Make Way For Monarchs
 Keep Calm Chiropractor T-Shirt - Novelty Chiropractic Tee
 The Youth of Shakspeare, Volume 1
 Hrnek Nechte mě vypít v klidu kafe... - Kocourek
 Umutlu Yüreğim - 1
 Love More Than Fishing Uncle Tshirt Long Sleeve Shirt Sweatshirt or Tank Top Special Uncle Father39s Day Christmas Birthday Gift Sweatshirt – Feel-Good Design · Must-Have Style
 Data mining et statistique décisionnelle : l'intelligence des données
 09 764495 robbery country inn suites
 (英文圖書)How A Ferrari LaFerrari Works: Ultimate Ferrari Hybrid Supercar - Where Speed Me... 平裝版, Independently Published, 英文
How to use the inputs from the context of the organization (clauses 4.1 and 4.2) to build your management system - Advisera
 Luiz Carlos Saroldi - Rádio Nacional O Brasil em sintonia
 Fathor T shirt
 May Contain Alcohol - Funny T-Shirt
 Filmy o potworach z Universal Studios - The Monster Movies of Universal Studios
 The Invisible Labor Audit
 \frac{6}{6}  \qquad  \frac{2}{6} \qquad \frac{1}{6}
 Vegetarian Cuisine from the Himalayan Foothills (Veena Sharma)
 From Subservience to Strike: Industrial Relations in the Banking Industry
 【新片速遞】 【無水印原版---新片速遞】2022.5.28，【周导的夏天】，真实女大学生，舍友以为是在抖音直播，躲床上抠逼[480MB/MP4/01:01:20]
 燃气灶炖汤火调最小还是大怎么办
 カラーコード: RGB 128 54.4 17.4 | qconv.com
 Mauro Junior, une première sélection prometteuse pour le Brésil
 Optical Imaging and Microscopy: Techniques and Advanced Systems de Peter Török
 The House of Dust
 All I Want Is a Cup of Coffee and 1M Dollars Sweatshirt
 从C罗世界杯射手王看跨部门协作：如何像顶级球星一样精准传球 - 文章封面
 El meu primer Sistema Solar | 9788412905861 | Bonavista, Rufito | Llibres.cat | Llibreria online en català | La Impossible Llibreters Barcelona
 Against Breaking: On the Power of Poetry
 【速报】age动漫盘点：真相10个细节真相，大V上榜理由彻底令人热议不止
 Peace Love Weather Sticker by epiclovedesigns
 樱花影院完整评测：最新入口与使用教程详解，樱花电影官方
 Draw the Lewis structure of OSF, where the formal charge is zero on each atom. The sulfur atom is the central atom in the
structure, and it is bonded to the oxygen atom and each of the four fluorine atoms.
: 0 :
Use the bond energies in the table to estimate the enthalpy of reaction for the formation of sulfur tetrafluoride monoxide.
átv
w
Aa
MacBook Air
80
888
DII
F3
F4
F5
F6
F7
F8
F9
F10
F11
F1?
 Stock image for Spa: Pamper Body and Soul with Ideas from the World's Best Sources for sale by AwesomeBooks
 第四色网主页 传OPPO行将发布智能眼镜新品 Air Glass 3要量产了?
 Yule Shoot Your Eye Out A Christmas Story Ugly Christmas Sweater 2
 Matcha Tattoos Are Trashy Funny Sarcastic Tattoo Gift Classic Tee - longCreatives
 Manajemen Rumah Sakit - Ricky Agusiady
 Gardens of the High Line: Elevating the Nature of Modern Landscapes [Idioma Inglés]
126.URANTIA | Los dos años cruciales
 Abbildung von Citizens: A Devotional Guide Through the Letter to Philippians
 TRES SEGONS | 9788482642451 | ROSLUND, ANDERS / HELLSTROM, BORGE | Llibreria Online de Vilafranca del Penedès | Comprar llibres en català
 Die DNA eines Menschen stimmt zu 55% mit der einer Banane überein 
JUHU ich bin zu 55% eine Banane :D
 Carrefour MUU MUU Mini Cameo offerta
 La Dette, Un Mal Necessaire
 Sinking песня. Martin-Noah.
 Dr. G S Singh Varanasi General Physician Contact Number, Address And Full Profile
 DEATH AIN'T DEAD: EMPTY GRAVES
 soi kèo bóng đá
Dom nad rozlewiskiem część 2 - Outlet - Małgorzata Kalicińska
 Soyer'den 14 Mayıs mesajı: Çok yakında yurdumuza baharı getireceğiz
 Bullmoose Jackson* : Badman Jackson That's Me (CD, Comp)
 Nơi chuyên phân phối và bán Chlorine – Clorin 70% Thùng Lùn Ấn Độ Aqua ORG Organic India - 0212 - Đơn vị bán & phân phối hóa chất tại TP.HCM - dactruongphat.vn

What you have to do: Return a copy of every line in the records that includes the string "Sweatshirt".

Task response:
 Love More Than Fishing Uncle Tshirt Long Sleeve Shirt Sweatshirt or Tank Top Special Uncle Father39s Day Christmas Birthday Gift Sweatshirt – Feel-Good Design · Must-Have Style
 All I Want Is a Cup of Coffee and 1M Dollars Sweatshirt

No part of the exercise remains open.